What you are asked to do ▸
Can you copy out the data exactly? Leave the images out.

Recorded data ▸
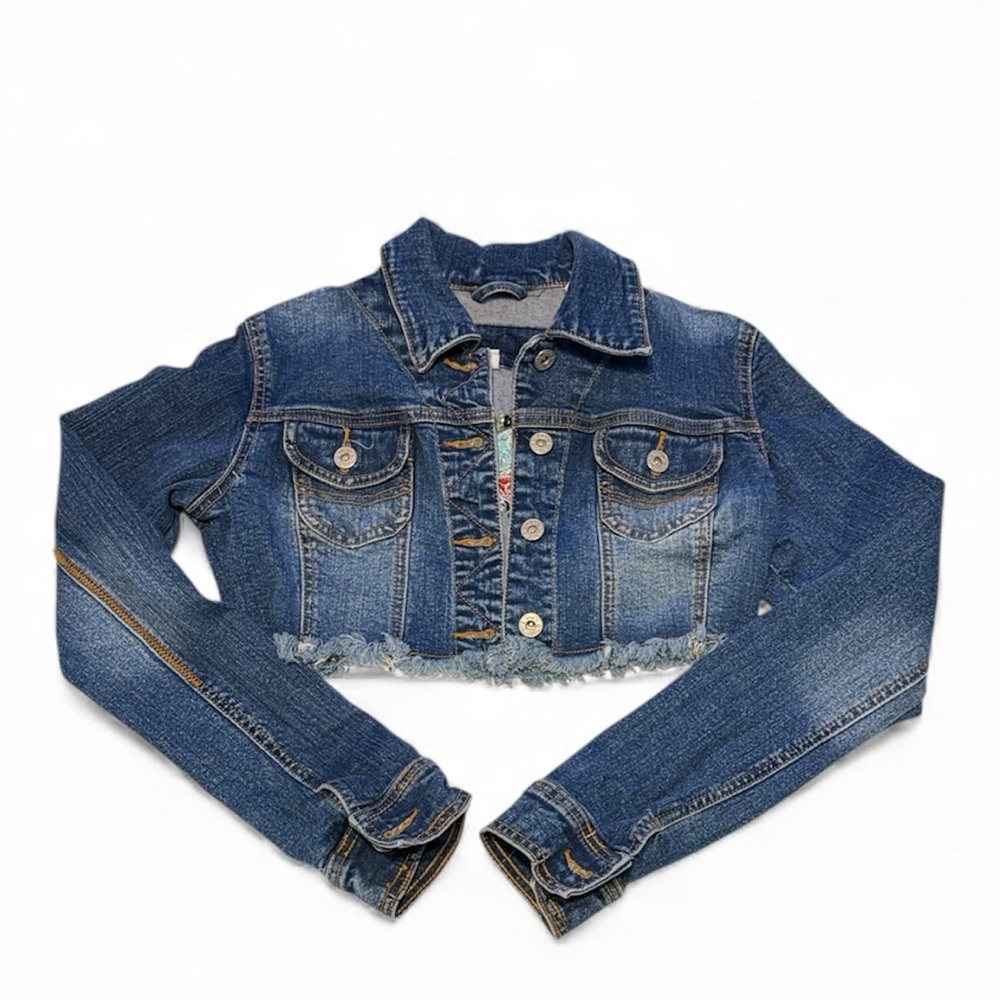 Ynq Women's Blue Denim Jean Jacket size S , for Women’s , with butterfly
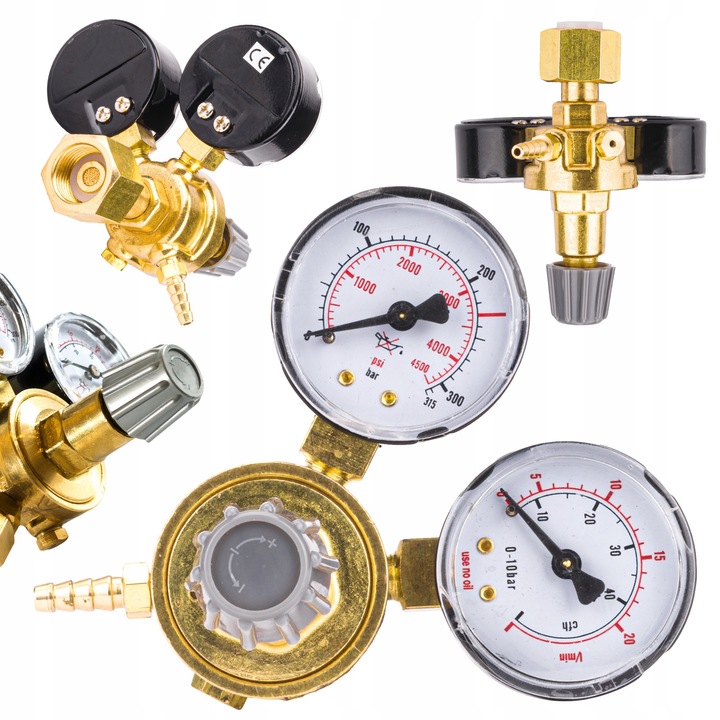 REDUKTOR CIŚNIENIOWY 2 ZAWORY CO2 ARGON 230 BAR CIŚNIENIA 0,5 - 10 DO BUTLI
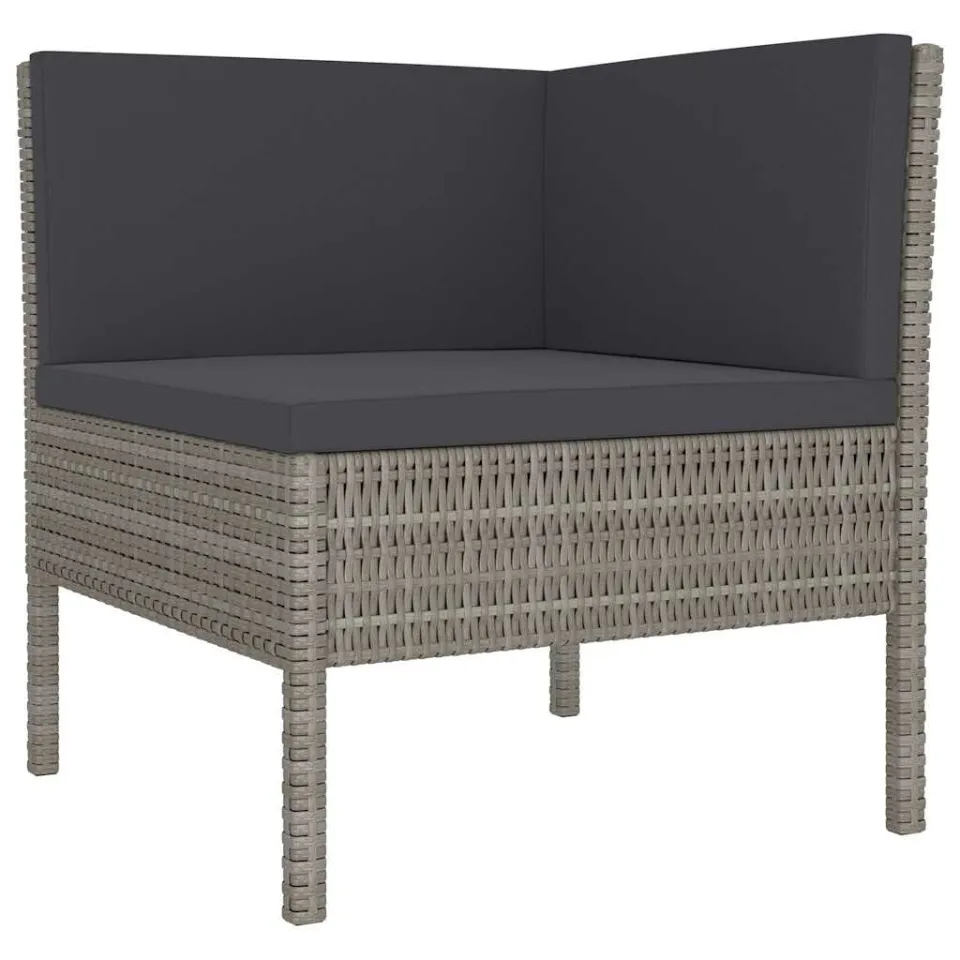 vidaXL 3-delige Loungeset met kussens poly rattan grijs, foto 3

Answer section ▸
 Ynq Women's Blue Denim Jean Jacket size S , for Women’s , with butterfly
 REDUKTOR CIŚNIENIOWY 2 ZAWORY CO2 ARGON 230 BAR CIŚNIENIA 0,5 - 10 DO BUTLI
 vidaXL 3-delige Loungeset met kussens poly rattan grijs, foto 3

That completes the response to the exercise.